Collected data:

/---

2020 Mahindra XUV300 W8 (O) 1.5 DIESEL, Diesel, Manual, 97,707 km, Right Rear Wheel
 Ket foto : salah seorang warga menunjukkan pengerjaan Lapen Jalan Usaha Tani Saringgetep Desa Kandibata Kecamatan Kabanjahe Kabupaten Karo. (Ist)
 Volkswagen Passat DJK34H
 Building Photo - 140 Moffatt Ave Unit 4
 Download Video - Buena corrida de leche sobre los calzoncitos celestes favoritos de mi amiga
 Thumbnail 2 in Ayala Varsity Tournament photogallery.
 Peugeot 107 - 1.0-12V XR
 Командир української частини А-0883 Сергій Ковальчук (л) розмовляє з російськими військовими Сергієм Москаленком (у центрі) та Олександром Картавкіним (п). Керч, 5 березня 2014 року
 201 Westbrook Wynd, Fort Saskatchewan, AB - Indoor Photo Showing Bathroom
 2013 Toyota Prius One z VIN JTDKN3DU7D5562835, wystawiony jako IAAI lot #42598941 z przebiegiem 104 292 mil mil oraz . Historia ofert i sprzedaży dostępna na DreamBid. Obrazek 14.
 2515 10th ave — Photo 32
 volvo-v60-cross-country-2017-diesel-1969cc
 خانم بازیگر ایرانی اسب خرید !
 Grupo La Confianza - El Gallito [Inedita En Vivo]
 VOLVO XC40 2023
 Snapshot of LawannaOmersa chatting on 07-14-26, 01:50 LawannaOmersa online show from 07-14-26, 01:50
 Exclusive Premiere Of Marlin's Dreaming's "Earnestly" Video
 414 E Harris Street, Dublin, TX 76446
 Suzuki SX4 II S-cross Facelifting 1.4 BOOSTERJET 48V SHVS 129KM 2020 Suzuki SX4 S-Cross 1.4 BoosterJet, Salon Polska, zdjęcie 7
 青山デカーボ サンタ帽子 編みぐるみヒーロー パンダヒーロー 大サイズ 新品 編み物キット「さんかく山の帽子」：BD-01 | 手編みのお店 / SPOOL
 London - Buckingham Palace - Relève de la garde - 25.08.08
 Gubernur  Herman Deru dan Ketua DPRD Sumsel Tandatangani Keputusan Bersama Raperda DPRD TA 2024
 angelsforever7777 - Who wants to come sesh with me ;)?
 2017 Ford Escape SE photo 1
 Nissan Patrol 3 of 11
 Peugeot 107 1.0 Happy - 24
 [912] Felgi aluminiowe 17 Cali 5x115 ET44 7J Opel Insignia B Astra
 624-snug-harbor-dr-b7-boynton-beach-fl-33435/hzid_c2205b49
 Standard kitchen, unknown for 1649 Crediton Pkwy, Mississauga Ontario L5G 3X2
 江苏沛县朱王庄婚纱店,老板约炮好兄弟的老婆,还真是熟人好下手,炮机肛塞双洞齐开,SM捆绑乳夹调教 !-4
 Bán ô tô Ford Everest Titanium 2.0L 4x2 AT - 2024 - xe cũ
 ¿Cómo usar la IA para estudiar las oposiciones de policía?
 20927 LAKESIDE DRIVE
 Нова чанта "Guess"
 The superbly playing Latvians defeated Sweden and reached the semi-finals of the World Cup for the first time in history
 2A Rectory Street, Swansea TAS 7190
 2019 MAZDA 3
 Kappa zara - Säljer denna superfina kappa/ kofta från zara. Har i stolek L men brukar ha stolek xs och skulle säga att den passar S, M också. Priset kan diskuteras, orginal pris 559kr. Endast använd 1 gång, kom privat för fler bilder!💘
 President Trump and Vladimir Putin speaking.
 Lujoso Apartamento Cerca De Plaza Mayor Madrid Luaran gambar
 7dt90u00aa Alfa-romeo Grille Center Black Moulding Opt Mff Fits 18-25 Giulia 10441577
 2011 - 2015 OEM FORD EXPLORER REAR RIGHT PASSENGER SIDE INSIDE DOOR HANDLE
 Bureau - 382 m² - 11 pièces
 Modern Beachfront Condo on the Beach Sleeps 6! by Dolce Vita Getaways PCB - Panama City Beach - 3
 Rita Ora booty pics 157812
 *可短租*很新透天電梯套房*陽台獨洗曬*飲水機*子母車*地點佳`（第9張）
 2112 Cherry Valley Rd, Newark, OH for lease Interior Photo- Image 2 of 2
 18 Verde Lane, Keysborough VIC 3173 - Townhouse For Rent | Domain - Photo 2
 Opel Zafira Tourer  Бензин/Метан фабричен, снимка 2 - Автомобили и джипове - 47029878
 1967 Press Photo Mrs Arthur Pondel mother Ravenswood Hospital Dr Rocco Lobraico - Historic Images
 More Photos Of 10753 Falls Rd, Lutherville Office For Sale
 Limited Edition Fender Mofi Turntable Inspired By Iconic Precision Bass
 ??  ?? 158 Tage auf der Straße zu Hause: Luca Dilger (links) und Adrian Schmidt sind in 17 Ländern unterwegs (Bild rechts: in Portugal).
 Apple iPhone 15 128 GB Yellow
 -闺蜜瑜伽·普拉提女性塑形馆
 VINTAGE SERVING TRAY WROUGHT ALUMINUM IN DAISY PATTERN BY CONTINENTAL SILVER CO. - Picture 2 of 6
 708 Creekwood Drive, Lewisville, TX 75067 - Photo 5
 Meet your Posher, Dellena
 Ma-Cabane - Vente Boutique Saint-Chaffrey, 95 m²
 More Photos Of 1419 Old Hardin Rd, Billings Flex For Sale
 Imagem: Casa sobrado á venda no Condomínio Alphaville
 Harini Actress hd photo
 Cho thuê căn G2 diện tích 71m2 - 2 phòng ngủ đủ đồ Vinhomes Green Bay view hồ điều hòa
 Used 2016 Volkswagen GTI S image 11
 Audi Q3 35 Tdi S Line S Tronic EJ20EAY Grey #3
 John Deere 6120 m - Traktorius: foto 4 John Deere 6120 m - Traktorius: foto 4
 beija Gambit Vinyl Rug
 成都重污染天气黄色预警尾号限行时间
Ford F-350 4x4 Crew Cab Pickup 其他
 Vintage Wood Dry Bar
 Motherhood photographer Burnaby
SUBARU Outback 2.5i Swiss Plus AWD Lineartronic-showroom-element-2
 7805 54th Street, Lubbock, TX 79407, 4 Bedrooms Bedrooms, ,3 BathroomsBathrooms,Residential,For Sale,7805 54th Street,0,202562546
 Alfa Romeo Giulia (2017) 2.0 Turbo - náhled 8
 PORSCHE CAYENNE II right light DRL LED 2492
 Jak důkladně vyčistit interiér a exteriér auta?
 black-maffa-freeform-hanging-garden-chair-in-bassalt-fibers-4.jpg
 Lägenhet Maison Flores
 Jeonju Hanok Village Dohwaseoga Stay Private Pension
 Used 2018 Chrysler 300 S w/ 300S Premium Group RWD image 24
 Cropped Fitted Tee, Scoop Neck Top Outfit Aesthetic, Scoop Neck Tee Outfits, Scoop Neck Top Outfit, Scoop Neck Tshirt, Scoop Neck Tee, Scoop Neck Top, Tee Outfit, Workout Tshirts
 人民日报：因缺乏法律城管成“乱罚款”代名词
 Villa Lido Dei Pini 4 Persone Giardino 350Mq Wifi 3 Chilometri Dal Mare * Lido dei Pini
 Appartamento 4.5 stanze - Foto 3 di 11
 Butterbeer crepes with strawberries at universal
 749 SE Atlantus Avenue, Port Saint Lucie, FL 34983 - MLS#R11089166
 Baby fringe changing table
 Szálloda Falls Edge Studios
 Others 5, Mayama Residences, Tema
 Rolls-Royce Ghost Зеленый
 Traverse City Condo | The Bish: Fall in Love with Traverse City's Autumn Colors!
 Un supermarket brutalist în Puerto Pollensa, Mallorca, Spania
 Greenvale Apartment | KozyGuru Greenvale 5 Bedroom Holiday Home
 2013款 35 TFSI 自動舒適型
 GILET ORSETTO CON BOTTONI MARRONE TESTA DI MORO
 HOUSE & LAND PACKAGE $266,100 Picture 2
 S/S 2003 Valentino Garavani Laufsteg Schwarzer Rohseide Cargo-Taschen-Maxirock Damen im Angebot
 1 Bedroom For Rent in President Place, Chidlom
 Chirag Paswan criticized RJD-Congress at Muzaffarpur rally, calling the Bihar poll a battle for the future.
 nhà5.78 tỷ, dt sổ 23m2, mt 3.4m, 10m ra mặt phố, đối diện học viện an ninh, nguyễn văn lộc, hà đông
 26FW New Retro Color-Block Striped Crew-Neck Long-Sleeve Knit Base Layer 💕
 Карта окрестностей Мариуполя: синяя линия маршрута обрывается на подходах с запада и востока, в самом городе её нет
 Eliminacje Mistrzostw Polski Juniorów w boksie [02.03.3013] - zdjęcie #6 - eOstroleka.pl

\---

__What to do__
Transcribe, exactly and without additions, the lines of the records above, beginning with the line that contains "Ket foto : salah" and ending with the line that contains "Building Photo - 140 Moffatt Ave Unit 4", both included.

__Solution to this problem__
 Ket foto : salah seorang warga menunjukkan pengerjaan Lapen Jalan Usaha Tani Saringgetep Desa Kandibata Kecamatan Kabanjahe Kabupaten Karo. (Ist)
 Volkswagen Passat DJK34H
 Building Photo - 140 Moffatt Ave Unit 4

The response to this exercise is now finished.